| Try it |
Repeat every entry in full. Match each line exactly.

** Opening Task input block **

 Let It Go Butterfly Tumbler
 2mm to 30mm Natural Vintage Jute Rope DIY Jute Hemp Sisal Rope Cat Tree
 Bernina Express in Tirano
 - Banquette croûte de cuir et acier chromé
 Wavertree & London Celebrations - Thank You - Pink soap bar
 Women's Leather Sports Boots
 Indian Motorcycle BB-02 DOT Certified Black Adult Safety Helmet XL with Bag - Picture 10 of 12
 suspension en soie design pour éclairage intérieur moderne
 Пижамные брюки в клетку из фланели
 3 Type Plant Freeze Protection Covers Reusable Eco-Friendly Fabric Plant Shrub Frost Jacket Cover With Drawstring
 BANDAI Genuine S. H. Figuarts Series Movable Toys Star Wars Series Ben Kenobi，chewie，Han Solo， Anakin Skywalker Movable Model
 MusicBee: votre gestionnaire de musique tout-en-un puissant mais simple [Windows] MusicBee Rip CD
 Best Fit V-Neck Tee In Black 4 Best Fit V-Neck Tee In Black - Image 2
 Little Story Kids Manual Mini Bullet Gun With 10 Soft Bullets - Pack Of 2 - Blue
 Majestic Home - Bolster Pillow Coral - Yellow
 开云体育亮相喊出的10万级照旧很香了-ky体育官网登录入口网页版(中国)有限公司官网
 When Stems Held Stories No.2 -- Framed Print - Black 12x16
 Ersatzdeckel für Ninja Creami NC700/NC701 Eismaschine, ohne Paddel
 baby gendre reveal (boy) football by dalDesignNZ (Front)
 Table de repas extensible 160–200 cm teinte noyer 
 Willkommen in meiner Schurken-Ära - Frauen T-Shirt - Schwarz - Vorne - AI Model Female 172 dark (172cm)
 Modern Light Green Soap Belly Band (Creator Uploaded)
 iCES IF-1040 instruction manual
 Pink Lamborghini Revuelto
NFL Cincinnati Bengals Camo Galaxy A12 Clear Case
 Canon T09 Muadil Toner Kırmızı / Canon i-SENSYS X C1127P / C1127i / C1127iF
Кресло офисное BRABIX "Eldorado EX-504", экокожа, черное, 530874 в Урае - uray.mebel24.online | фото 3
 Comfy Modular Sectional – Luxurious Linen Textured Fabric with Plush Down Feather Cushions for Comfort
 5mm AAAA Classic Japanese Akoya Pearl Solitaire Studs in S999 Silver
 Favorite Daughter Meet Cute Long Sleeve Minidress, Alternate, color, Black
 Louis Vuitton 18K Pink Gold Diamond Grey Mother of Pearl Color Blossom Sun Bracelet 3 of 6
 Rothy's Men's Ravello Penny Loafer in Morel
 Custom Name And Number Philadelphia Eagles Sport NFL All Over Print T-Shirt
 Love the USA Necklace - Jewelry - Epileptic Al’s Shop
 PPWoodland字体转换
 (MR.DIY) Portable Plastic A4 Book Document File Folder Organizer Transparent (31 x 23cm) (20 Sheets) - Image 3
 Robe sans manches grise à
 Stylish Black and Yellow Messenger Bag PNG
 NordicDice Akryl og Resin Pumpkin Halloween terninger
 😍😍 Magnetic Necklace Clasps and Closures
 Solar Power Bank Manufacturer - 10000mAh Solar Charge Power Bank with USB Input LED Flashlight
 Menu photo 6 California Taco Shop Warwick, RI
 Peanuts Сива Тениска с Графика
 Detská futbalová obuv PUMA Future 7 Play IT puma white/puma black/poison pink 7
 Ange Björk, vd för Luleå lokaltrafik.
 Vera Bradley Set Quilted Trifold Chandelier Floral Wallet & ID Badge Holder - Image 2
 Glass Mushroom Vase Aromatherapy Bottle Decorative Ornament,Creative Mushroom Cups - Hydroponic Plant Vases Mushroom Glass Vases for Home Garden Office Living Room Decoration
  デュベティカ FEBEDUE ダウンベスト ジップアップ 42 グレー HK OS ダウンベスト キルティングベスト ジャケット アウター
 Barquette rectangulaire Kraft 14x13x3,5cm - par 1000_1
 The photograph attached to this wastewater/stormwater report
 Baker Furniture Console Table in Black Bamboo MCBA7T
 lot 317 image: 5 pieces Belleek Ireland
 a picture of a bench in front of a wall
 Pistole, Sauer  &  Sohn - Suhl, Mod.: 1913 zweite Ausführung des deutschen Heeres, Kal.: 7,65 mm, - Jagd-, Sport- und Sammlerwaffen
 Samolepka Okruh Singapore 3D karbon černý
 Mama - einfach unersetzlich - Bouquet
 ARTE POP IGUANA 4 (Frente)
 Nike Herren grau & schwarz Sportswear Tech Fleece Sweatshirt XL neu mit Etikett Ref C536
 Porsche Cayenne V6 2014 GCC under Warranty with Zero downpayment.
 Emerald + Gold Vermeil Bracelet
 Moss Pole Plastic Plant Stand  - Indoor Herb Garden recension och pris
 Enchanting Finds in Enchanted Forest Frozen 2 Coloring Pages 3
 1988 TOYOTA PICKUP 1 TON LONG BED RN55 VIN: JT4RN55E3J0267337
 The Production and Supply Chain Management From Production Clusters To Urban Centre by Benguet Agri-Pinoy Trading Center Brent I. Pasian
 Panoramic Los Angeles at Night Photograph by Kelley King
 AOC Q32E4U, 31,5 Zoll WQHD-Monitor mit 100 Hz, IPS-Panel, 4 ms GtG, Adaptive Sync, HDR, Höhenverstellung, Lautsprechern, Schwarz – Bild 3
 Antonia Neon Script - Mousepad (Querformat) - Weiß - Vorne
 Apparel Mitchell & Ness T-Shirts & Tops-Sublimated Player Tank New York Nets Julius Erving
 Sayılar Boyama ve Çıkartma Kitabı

** Closing Task input block **

| Solution for this problem |
 Let It Go Butterfly Tumbler
 2mm to 30mm Natural Vintage Jute Rope DIY Jute Hemp Sisal Rope Cat Tree
 Bernina Express in Tirano
 - Banquette croûte de cuir et acier chromé
 Wavertree & London Celebrations - Thank You - Pink soap bar
 Women's Leather Sports Boots
 Indian Motorcycle BB-02 DOT Certified Black Adult Safety Helmet XL with Bag - Picture 10 of 12
 suspension en soie design pour éclairage intérieur moderne
 Пижамные брюки в клетку из фланели
 3 Type Plant Freeze Protection Covers Reusable Eco-Friendly Fabric Plant Shrub Frost Jacket Cover With Drawstring
 BANDAI Genuine S. H. Figuarts Series Movable Toys Star Wars Series Ben Kenobi，chewie，Han Solo， Anakin Skywalker Movable Model
 MusicBee: votre gestionnaire de musique tout-en-un puissant mais simple [Windows] MusicBee Rip CD
 Best Fit V-Neck Tee In Black 4 Best Fit V-Neck Tee In Black - Image 2
 Little Story Kids Manual Mini Bullet Gun With 10 Soft Bullets - Pack Of 2 - Blue
 Majestic Home - Bolster Pillow Coral - Yellow
 开云体育亮相喊出的10万级照旧很香了-ky体育官网登录入口网页版(中国)有限公司官网
 When Stems Held Stories No.2 -- Framed Print - Black 12x16
 Ersatzdeckel für Ninja Creami NC700/NC701 Eismaschine, ohne Paddel
 baby gendre reveal (boy) football by dalDesignNZ (Front)
 Table de repas extensible 160–200 cm teinte noyer 
 Willkommen in meiner Schurken-Ära - Frauen T-Shirt - Schwarz - Vorne - AI Model Female 172 dark (172cm)
 Modern Light Green Soap Belly Band (Creator Uploaded)
 iCES IF-1040 instruction manual
 Pink Lamborghini Revuelto
NFL Cincinnati Bengals Camo Galaxy A12 Clear Case
 Canon T09 Muadil Toner Kırmızı / Canon i-SENSYS X C1127P / C1127i / C1127iF
Кресло офисное BRABIX "Eldorado EX-504", экокожа, черное, 530874 в Урае - uray.mebel24.online | фото 3
 Comfy Modular Sectional – Luxurious Linen Textured Fabric with Plush Down Feather Cushions for Comfort
 5mm AAAA Classic Japanese Akoya Pearl Solitaire Studs in S999 Silver
 Favorite Daughter Meet Cute Long Sleeve Minidress, Alternate, color, Black
 Louis Vuitton 18K Pink Gold Diamond Grey Mother of Pearl Color Blossom Sun Bracelet 3 of 6
 Rothy's Men's Ravello Penny Loafer in Morel
 Custom Name And Number Philadelphia Eagles Sport NFL All Over Print T-Shirt
 Love the USA Necklace - Jewelry - Epileptic Al’s Shop
 PPWoodland字体转换
 (MR.DIY) Portable Plastic A4 Book Document File Folder Organizer Transparent (31 x 23cm) (20 Sheets) - Image 3
 Robe sans manches grise à
 Stylish Black and Yellow Messenger Bag PNG
 NordicDice Akryl og Resin Pumpkin Halloween terninger
 😍😍 Magnetic Necklace Clasps and Closures
 Solar Power Bank Manufacturer - 10000mAh Solar Charge Power Bank with USB Input LED Flashlight
 Menu photo 6 California Taco Shop Warwick, RI
 Peanuts Сива Тениска с Графика
 Detská futbalová obuv PUMA Future 7 Play IT puma white/puma black/poison pink 7
 Ange Björk, vd för Luleå lokaltrafik.
 Vera Bradley Set Quilted Trifold Chandelier Floral Wallet & ID Badge Holder - Image 2
 Glass Mushroom Vase Aromatherapy Bottle Decorative Ornament,Creative Mushroom Cups - Hydroponic Plant Vases Mushroom Glass Vases for Home Garden Office Living Room Decoration
  デュベティカ FEBEDUE ダウンベスト ジップアップ 42 グレー HK OS ダウンベスト キルティングベスト ジャケット アウター
 Barquette rectangulaire Kraft 14x13x3,5cm - par 1000_1
 The photograph attached to this wastewater/stormwater report
 Baker Furniture Console Table in Black Bamboo MCBA7T
 lot 317 image: 5 pieces Belleek Ireland
 a picture of a bench in front of a wall
 Pistole, Sauer  &  Sohn - Suhl, Mod.: 1913 zweite Ausführung des deutschen Heeres, Kal.: 7,65 mm, - Jagd-, Sport- und Sammlerwaffen
 Samolepka Okruh Singapore 3D karbon černý
 Mama - einfach unersetzlich - Bouquet
 ARTE POP IGUANA 4 (Frente)
 Nike Herren grau & schwarz Sportswear Tech Fleece Sweatshirt XL neu mit Etikett Ref C536
 Porsche Cayenne V6 2014 GCC under Warranty with Zero downpayment.
 Emerald + Gold Vermeil Bracelet
 Moss Pole Plastic Plant Stand  - Indoor Herb Garden recension och pris
 Enchanting Finds in Enchanted Forest Frozen 2 Coloring Pages 3
 1988 TOYOTA PICKUP 1 TON LONG BED RN55 VIN: JT4RN55E3J0267337
 The Production and Supply Chain Management From Production Clusters To Urban Centre by Benguet Agri-Pinoy Trading Center Brent I. Pasian
 Panoramic Los Angeles at Night Photograph by Kelley King
 AOC Q32E4U, 31,5 Zoll WQHD-Monitor mit 100 Hz, IPS-Panel, 4 ms GtG, Adaptive Sync, HDR, Höhenverstellung, Lautsprechern, Schwarz – Bild 3
 Antonia Neon Script - Mousepad (Querformat) - Weiß - Vorne
 Apparel Mitchell & Ness T-Shirts & Tops-Sublimated Player Tank New York Nets Julius Erving
 Sayılar Boyama ve Çıkartma Kitabı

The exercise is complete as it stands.